Database scaling
How read replicas go stale
Reads scale out with replicas; writes still land on one primary (scaling-basics covers that lever). What senior interviews probe is the consistency you traded away. Default replication is asynchronous: the primary commits and acks the client before any replica applies the change, so a replica trails by milliseconds to seconds. Read right after a write and you can break read-your-writes consistency: a user edits their profile, the next page load shows the old value.
Synchronous replication makes the primary wait for a replica to acknowledge before it acks the client, buying consistency with write latency. The trap is what acknowledge means here. MySQL semi-sync acks once the replica has the event in its relay log, not once it has applied it, so a semi-sync replica can still serve a stale read. Postgres only closes that gap at synchronous_commit = remote_apply:
synchronous_commit = remote_apply # standby has APPLIED before primary acks
synchronous_standby_names = 'FIRST 1 (r1, r2)'
When full sync is too expensive, cheaper read-your-writes fixes exist: route a user's reads to the primary for a few seconds after their write, pin a session to one replica, or record the write's log position (LSN, GTID) and wait for the replica to reach it.
Choosing a shard key
Sharding spreads writes across independent nodes. Partitioning splits one table inside a single node; do not conflate them. The shard key decides everything downstream.

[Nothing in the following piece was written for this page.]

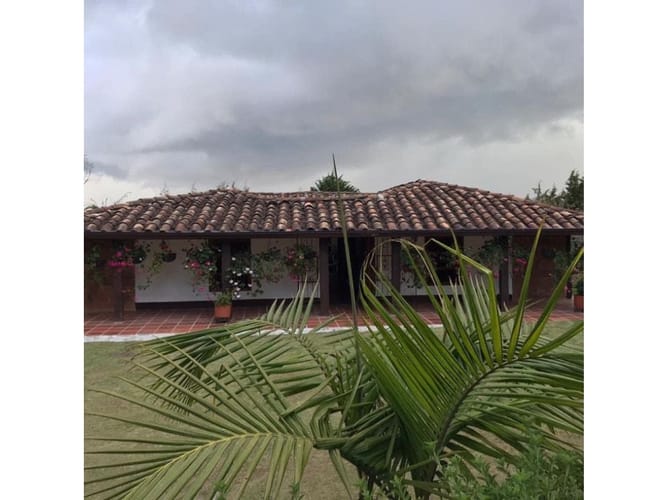 Casa de 3 alcobas en venta en Alcala, Envigado, 265 m² · foto 11 de 24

Wrong "Shard by an auto-increment id or a timestamp so rows spread out." Monotonic keys pile every new write onto the newest shard, so one shard runs hot while the rest sit idle. Hashing the key spreads writes evenly but scatters adjacent keys, so range scans fan out. Range sharding keeps scans local and reinvites the hotspot. Directory sharding puts a lookup table between key and shard for flexible rebalancing, paid for with a lookup on the critical path that must stay highly available.
The criterion that matters is your access pattern. Pick a key with high cardinality and even distribution that co-locates the rows your hot queries read together, so the common read stays on one shard.
The cross-shard tax
Any query that filters on something other than the shard key fans out to every shard and merges the results, a scatter-gather. Ordering, pagination, and aggregates across shards are where the correctness bugs live: OFFSET does not push down per shard, so naive paging returns the wrong rows. Cross-shard transactions are worse: two-phase commit blocks on a coordinator that can die mid-commit, so teams design to keep a transaction inside one shard or fall back to sagas.
This is why sharding is a last resort. Exhaust indexing, caching, read replicas, and vertical headroom first. Sharding costs you cross-shard joins, global unique constraints, referential integrity, and simple schema migrations, permanently.